PROBLEM TO WORK ON:
Set down each line of the records once more, precisely, and omit the pictures.

━━━━━━━━━━━━━━━━━━━━━━━━━━━━━━

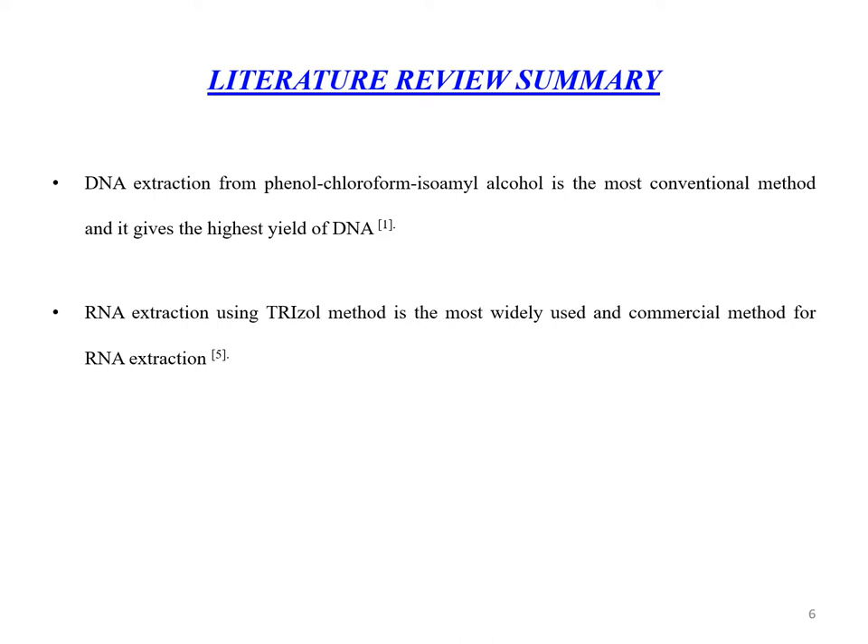From the literature review, we have summarized that DNA extraction using phenol-chloroform-isoamyl alcohol is the most conventional method, and for RNA extraction, the trizol method is the most widely used one.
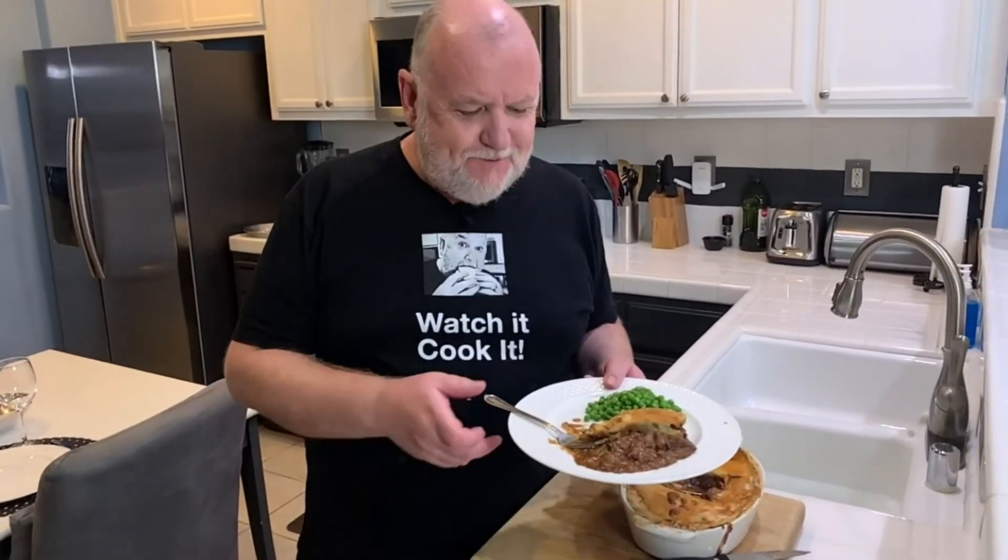This is pie heaven. You are always welcome right here in the kitchen. If you enjoyed the video, hit that like button, subscribe, leave a comment, get involved. And more importantly, come back and see us next time.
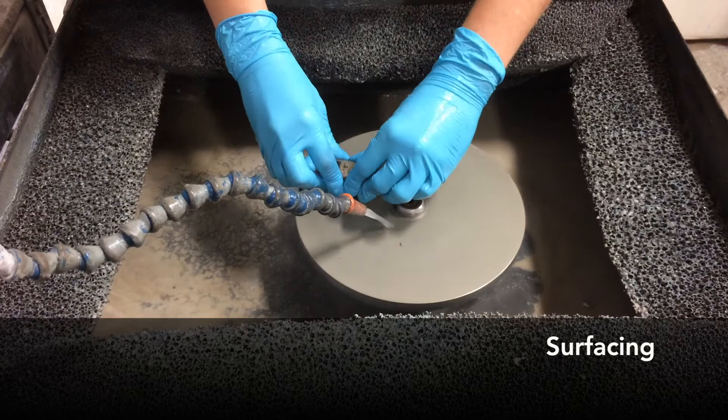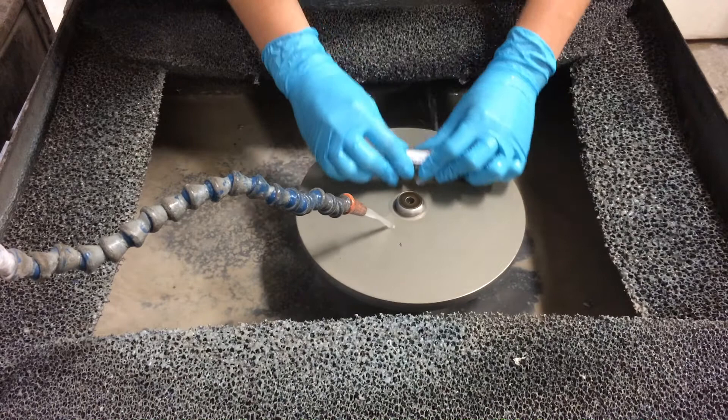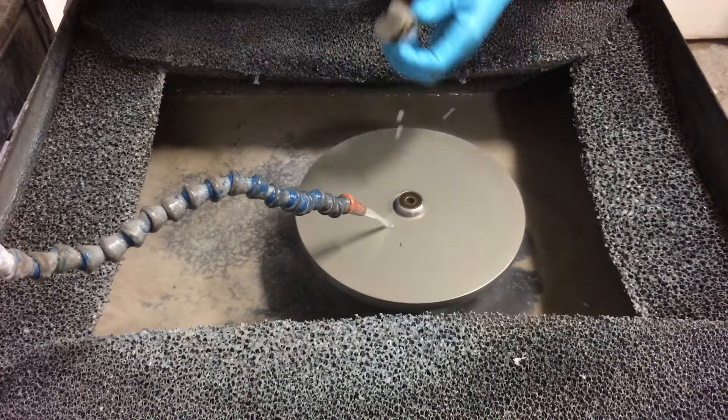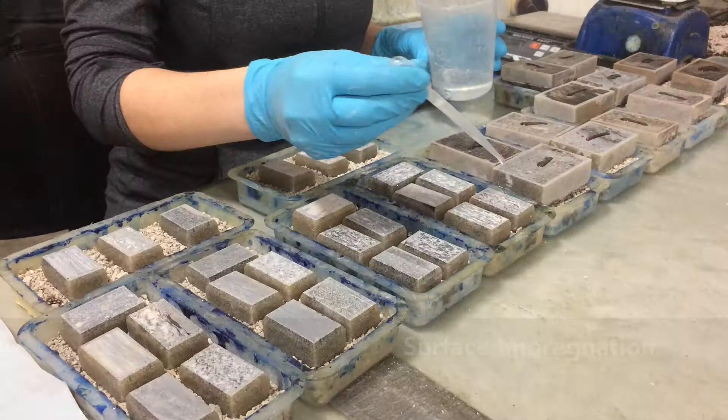The billet comes out of embedding with some pretty sharp edges, so we dull those down in order to handle them comfortably. Surfacing involves preparing the thin section target face on increasingly refined laps and wheels. First, the sample is exposed on a coarse grit diamond lap, then the exposed face is flattened and refined on a medium grit diamond lap.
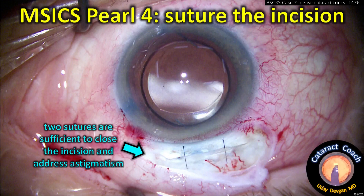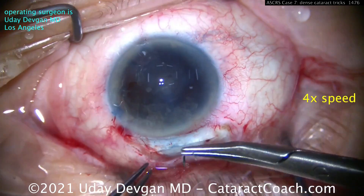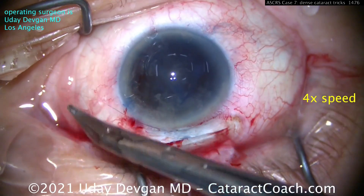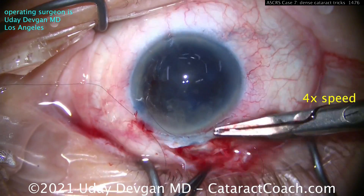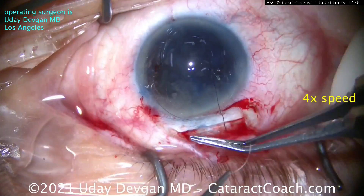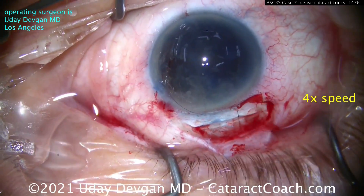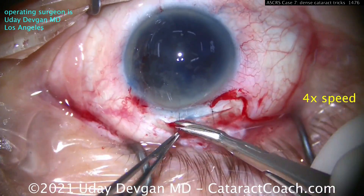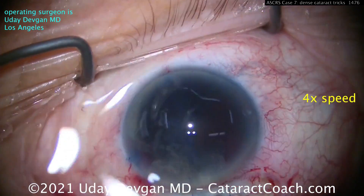Now the last thing is to suture the incision. A lot of surgeons experienced with MSICS don't suture the incision, and that's done primarily outside the U.S. — if that's your preference, fine. But I like to put sutures in; you don't need much. This is just two loops of 10-0 nylon suture to close this incision. It'll give you a very nice result, and you'll minimize the amount of astigmatic shift over time. These 10-0 nylon sutures are going to be buried and will be there permanently — no concern.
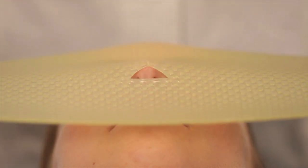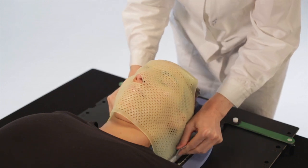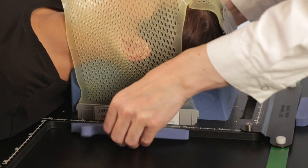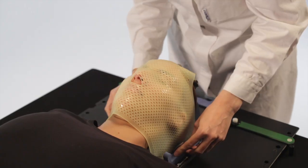Position the pre-cut mask over the face of the patient with the top of the nose hole on the tip of the nose. First, insert the two lateral L-shaped profiles into the base plate and secure them in the slot with a foam handle of the appropriate length.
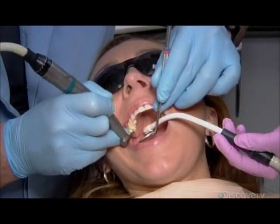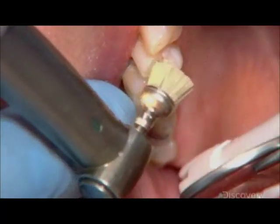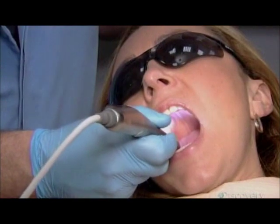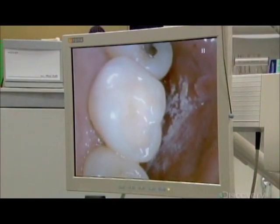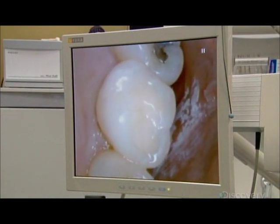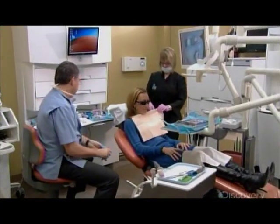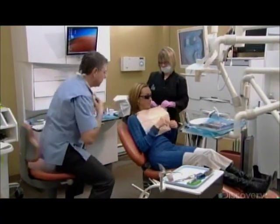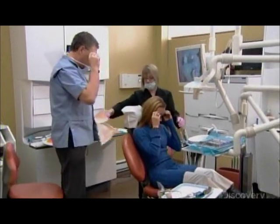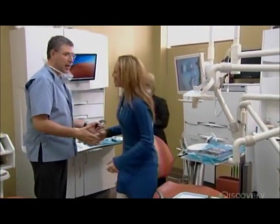He takes another impression of the patient's bite to confirm the new inlay is perfect. Finally, the dentist polishes the contours of the ceramic inlay. He uses the camera to magnify the new dental work for the patient's scrutiny. It's taken just an hour and a quarter for her custom restoration to be designed, milled, and installed — all thanks to digital dentistry.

━━━━━━━━━━━━━━━━━━━━━━━━━━━━━━

RESPONSE TO THE TASK:
From the literature review, we have summarized that DNA extraction using phenol-chloroform-isoamyl alcohol is the most conventional method, and for RNA extraction, the trizol method is the most widely used one.
This is pie heaven. You are always welcome right here in the kitchen. If you enjoyed the video, hit that like button, subscribe, leave a comment, get involved. And more importantly, come back and see us next time.
The billet comes out of embedding with some pretty sharp edges, so we dull those down in order to handle them comfortably. Surfacing involves preparing the thin section target face on increasingly refined laps and wheels. First, the sample is exposed on a coarse grit diamond lap, then the exposed face is flattened and refined on a medium grit diamond lap.
Now the last thing is to suture the incision. A lot of surgeons experienced with MSICS don't suture the incision, and that's done primarily outside the U.S. — if that's your preference, fine. But I like to put sutures in; you don't need much. This is just two loops of 10-0 nylon suture to close this incision. It'll give you a very nice result, and you'll minimize the amount of astigmatic shift over time. These 10-0 nylon sutures are going to be buried and will be there permanently — no concern.
Position the pre-cut mask over the face of the patient with the top of the nose hole on the tip of the nose. First, insert the two lateral L-shaped profiles into the base plate and secure them in the slot with a foam handle of the appropriate length.
He takes another impression of the patient's bite to confirm the new inlay is perfect. Finally, the dentist polishes the contours of the ceramic inlay. He uses the camera to magnify the new dental work for the patient's scrutiny. It's taken just an hour and a quarter for her custom restoration to be designed, milled, and installed — all thanks to digital dentistry.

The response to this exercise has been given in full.